The Liberal Party is not ashamed of Nauru. The party wants to be seen as tough on border security and feels Nauru serves its role well. Scott Morrison, its most recent prime minister had a boat-shaped trophy in his office, which said: “I Stopped These”. The current leader of the party and former immigration minister Peter Dutton is seen as even more rigid on border policy than Morrison.

Labor has slowly but surely crept further into the centre since prime minister Anthony Albanese took the top job. Albanese is caught directly in the middle of Parliament House in Canberra. He stands between a Liberal Party that is veering further right under Dutton and the Greens who have been quick to criticise his government for its perceived lack of support for the most vulnerable Australians.

Albanese’s government states that it is “strong on borders without being weak on humanity”. It has moved refugees off of Nauru, but will still pay $350 million (€212 million) annually to keep the offshore processing facility open on the island. “There is no change to Australia’s policies,” a government statement said. “People who attempt to travel to Australia by boat without a valid Australian visa have zero chance of settling in Australia.”

Last year, the Australian National University conducted a poll to ask Australians what were the most pressing election issues. Cost of living unsurprisingly came first, followed by aged care, health and climate change. Surprisingly, borders and immigration came in at a rather lowly 11th place. Albanese has chosen an expensive compromise: remove people from Nauru, but keep funding it to act as a deterrent against people smugglers.
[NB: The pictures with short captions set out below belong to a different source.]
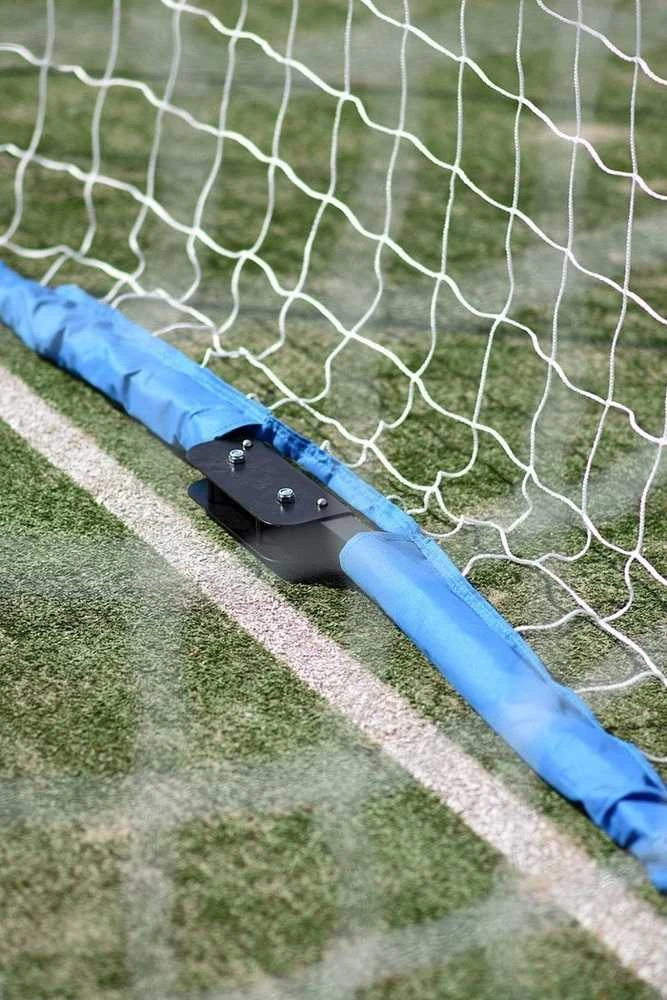 Sulstomas Universalinis futbolo vartai 3x2m | 300cm X 200cm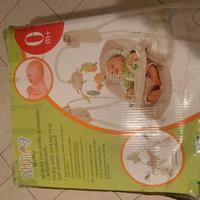 Altalena brevi neonato
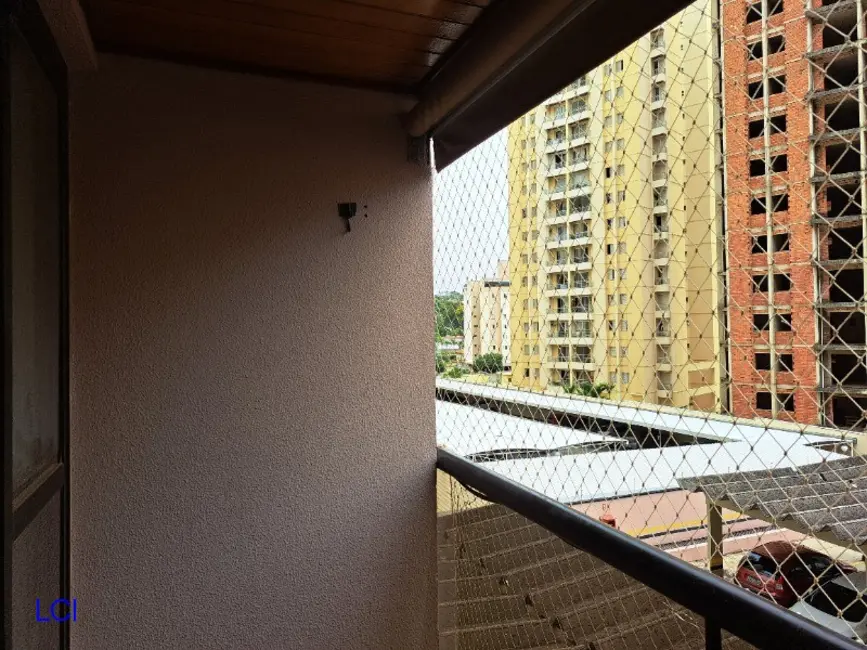 Foto 8 de Apartamento com 2 quartos à venda, 70m2 em Mansões Santo Antônio, Campinas - SP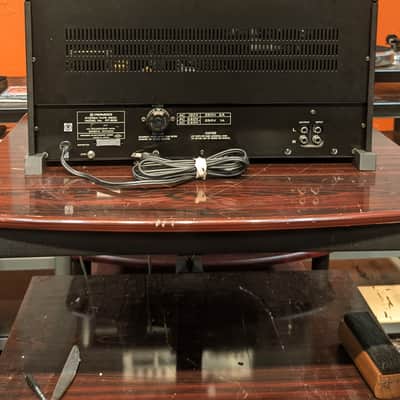 Pioneer RT-909 Reel Tape Recorder Pro Serviced Fully Calibrated image 6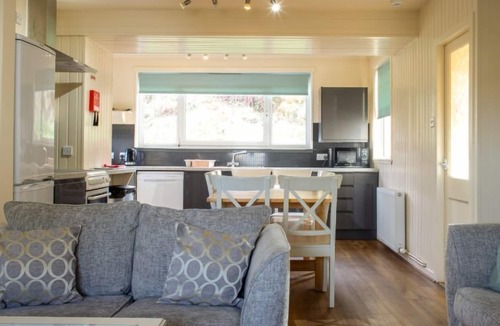 Staffin House | Keepers by Interhome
In 1798, British sea captain John Fearn passed Nauru, and named it “Pleasant Island”. He was captivated by its sweeping white sandy beaches and lush vegetation. More than 200 years later, that same beautiful island became a living nightmare for refugees and asylum seekers trying to reach the promised land of Australia.

Albanese as ever, is trying to keep everyone happy and is struggling to do so. He will want to keep Australia’s border policy firm for political optics. Equally, he does not want to lose the humanity that brought him to power over Morrison. Nauru is not a proud chapter in recent Australian history, and Albanese will not be in a hurry to reopen it.